Царевич прекратил препирательство двух братьев.
— Но я все же надеюсь, — сказал он, — что будут выслушаны свидетели, которые могли бы показать что о поджоге?
— Для вас, ваше царское величество, — извольте, только для вас, — отвечал князь Константин, — но, само собою разумеется, интерпелляции (вызову для объяснения) не подлежат женщины, дети и вообще малоумные.
— Нет, князь, я прошу вас открыть двери суда равно для лиц обоего пола, от мала до велика, от первого шляхтича до последнего смерда, кто только пожелает подать голос.
— Но если показание кого не заслуживает доверия…
— Да какой же то суд, любезный князь, что не сможет отличить показание верное от неверного?
Никому до этого времени не было дела до двух православных пастырей. Благодаря стараниям отца Никандра и некоторых услужливых крестьян, преосвященный Паисий, наконец, открыл глаза и пришел в себя. Теперь только, казалось, отец Никандр заметил присутствие ясновельможного панства, и из последних слов Димитрия заключив, что в нем-то они, пастыри, найдут себе наиболее прочную опору, он громко призвал на главу царевича благословение Божие; затем с достоинством, почти с гордостью обратился к князю Константину, не то прося, не то требуя — в прегрешениях вольных и невольных его, отца Никандра, простить и не оставить его совместно с преосвященным владыкой, «что мученическими подвигами себя преукрасил и облаголепил, без суда праведного и нелицеприятного».

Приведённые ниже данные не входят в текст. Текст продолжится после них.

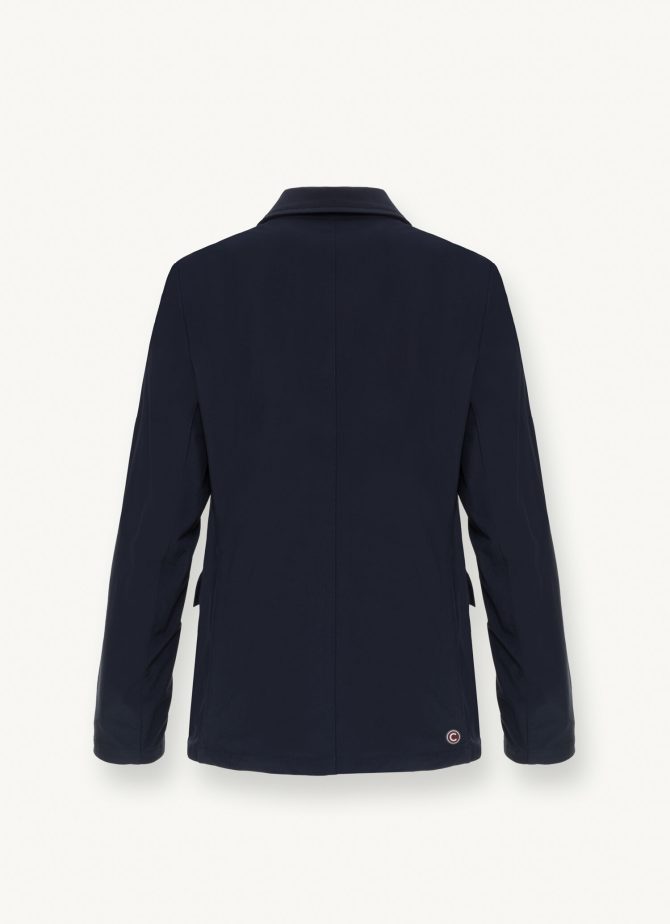 Stretch softshell blazer - Image 5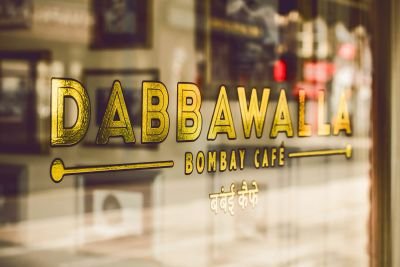 A Vintage #Indian Experience - #Restaurant in #Cardiff - Chai | Bombay Street Snacks | Thali | Tiffins | Curries | Grills | Cocktails | Lassi 
02920 482882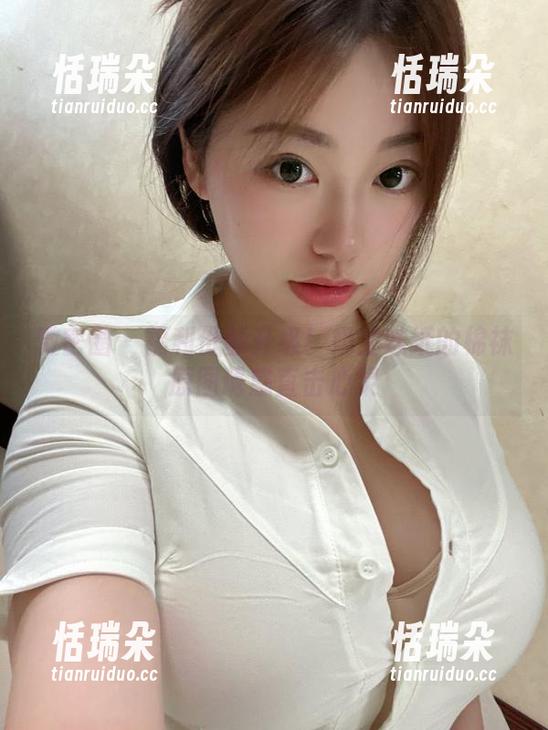 奶宝妹纸 微密圈 - 福利份额升级!奶宝妹纸的棉袜原图诱惑直击心灵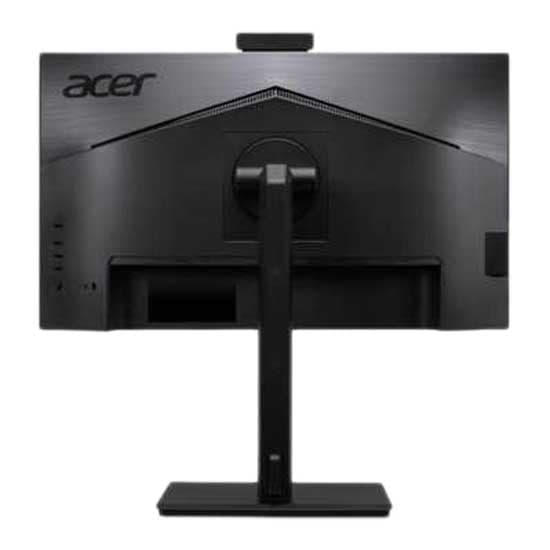 Acer Vero B277debmiprczxv 27´´ Full Hd Ips Led Skärm Blå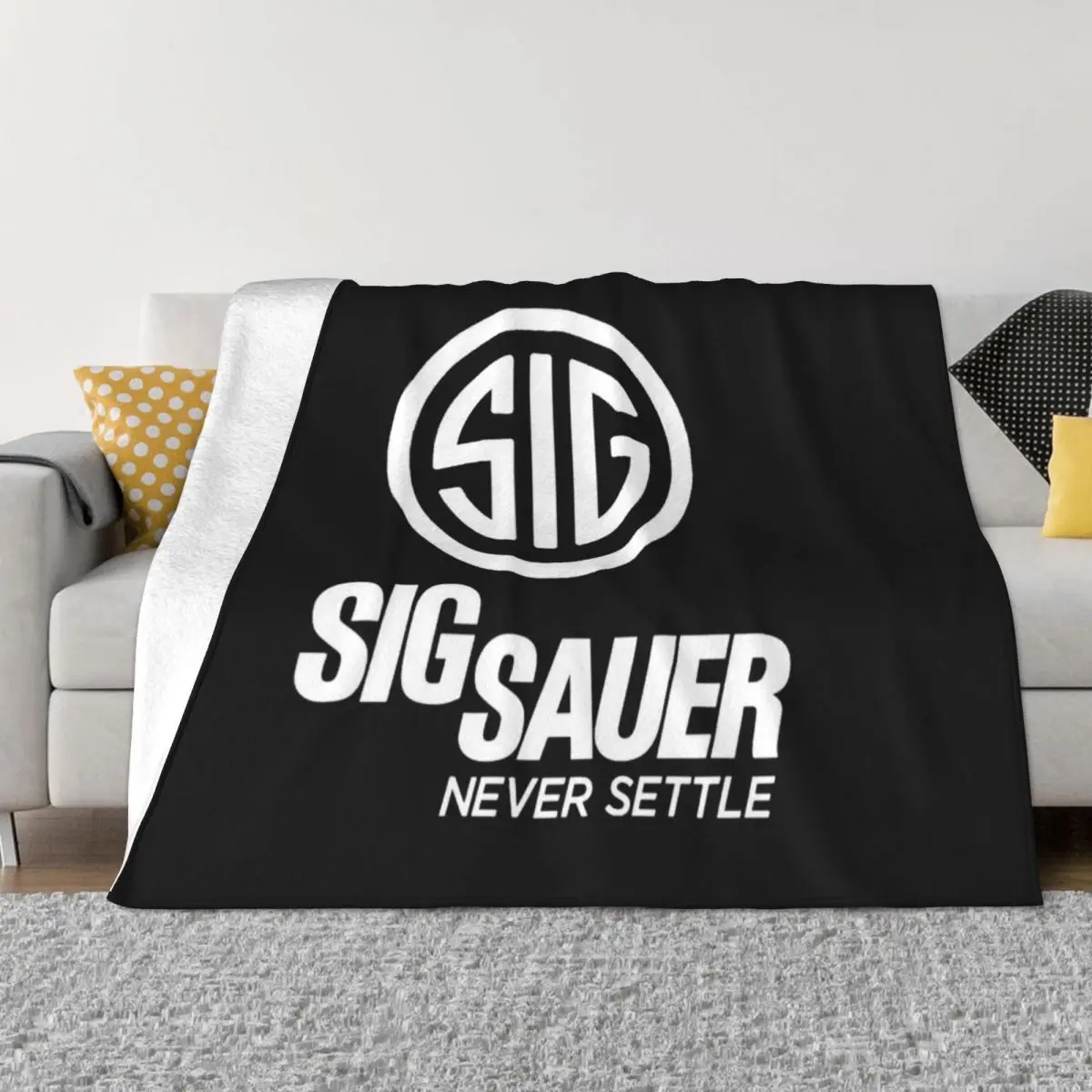 Pinus For The World дышащее одеяло для детей теплые одеяла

— Брат Никандр, смирися! — слабым голосом воззвал к другу своему больной архипастырь, распростертый еще на земле, — что Господь нам судил, то и благо: да будет над нами Его святая воля!
Князь Константин не счел нужным тратить с ними лишних слов. По знаку его, были «убраны» как оба пастыря, так и Юшка. Прошло еще с четверть часа — и храм, и колокольня представляли груду пылающих развалин. Село Диево было пощажено огнем. Выразив своему секретарю за распорядительность его полное одобрение, князь Константин повернул коня, а за ним сделали то же и брат его, и царевич, и вся их свита.
Глава двадцать четвертая
МАРУСЯ «СБРЕНДИЛА»
Панна Марина, как и все вообще обитательницы жалосцского замка, осталась одна. Но она не ложилась, точно также не давала лечь и своим двум фрейлинам. Панна Бронислава, по ее приказу, то и дело выбегала из комнаты справляться — нет ли каких-либо вестей с пожарища и принесла одну очень важную весть: что горит православная церковь; Маруся же должна была развлекать свою панночку, которая была как в лихорадке.
— Как я счастлива, Муся, что у меня есть такая верная подруга, как ты! — говорила панна Марина, когда панна Бронислава только что снова выпорхнула вон. — Ни я тебя, ни ты меня никогда не выдашь. О нашей вчерашней прогулке мы обе, конечно, никому ни слова?